Gianpiero Battista has quit Lismore City Council.
Gianpiero Battista has quit Lismore City Council.

'I wanted to make a statement': Real reason why he quit

FORMER Lismore councillor Gianpiero Battista described his resignation last week as a vote of "no confidence in the leadership of council, the general manager and the mayor as well".

Mr Battista also described operating in an information vacuum where it was difficult to go forwards and improve the city's life.

Mr Battista and Greg Bennett both resigned from council last week, with Mr Bennett's resignation effective today and Mr Battista's resignation effective from August 6.

"The main reason why I left is because unfortunately, in the last 18 months, council has become a place where you cannot improve the city's life," he said.

"I was constantly fighting to get the right information, and that kept going backwards rather than going forward.

"I wanted to make a statement, call it a vote of no confidence, in the leadership of council, the general manager and the mayor as well.

Mr Battista said Lismore Mayor Isaac Smith and the council's general manager Shelley Oldham seemed to "following the same line at the moment".

Mr Battista said Council in one example initially refused releasing legal advice and then eventually permitted councillors to view the complex legal advice in oppressive, timed circumstances without ability to take any notes or copies.

He said as a result Cr Eddie Lloyd was forced to bring a motion to the chamber to have the legal advice provided to councillors without such restrictions.
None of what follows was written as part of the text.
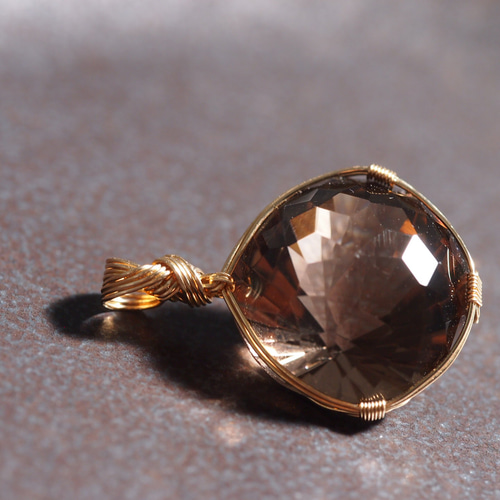 ファセットカットスモーキークォーツの女神巻きペンダントトップ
"There are many other examples. There were some time we sent councillor's requests for information, and the response was 'oh, that's an operational matter, we won't give you the information'," he added.

 

FORMER COUNCIL: From top left, councillors Bill Moorhouse, Neil Marks, Gianpiero Battista, Greg Bennett, Adam Guise and Darlene Cook. Seating, Elly Bird, Eddie Lloyd, Mayor Isaac Smith, Vanessa Ekins and Nancy Casson.
FORMER COUNCIL: From top left, councillors Bill Moorhouse, Neil Marks, Gianpiero Battista, Greg Bennett, Adam Guise and Darlene Cook. Seating, Elly Bird, Eddie Lloyd, Mayor Isaac Smith, Vanessa Ekins and Nancy Casson.

 

Mr Battista said Lismore City Council has not allowed councillors enough time to decide on issues that impacted Lismore residents.

"Recently, we were briefed an hour before an extraordinary meeting, and then we had to take a vote straight after," he said.

"That's not good governance.

"The (Local Government) Act says the general manager has to provide councillors any information that allows us to conduct our role in the proper way, because we need to be informed to make good decisions," he said.

"I could have stayed there for another 12 months, collecting the $619 a month, but that didn't feel right to me.

"A lot of people have said 'if you leave, management wins, because you are not there to make a point', but I could not stand that I was getting paid when I could not be effective at all in my role as a councillor."

Mr Battista said stress and personal issues did not influence his decision.

"I didn't resign because I was stressed and I didn't resign because of my family," he said.

"My family has endured a lot of issues and council is certainly at the very low end of stressful items for me."

 

Gianpero and Rebekka Battista with sons Isaac and Nathan at their home in Lismore.
Gianpero and Rebekka Battista with sons Isaac and Nathan at their home in Lismore.

 

Lismore City Council's general manager, Shelly Oldham, thanked Mr Battista for his 12-year service at council.

"It is the nature of democracy that one councillor cannot always convince their fellow councillors to adopt his/her position and policies," she said.

"This term of council has been stressful and difficult for all councillors as they have had to deal with two floods, resolving a $6 million operating deficit, a bushfire and now COVID-19."

The general manager said that legal advice is always confidential.

"All Councillors are provided with the same legal advice and in the same manner," she said.

"Staff work hard to provide all councillors with information.

"This includes answering almost 1000 'councillor requests' this year alone, up from an average of 600 in previous years.

"There has also been a significant increase in the number of workshops and briefings that staff have organised to keep councillors fully informed about decisions they need to make and answer any questions."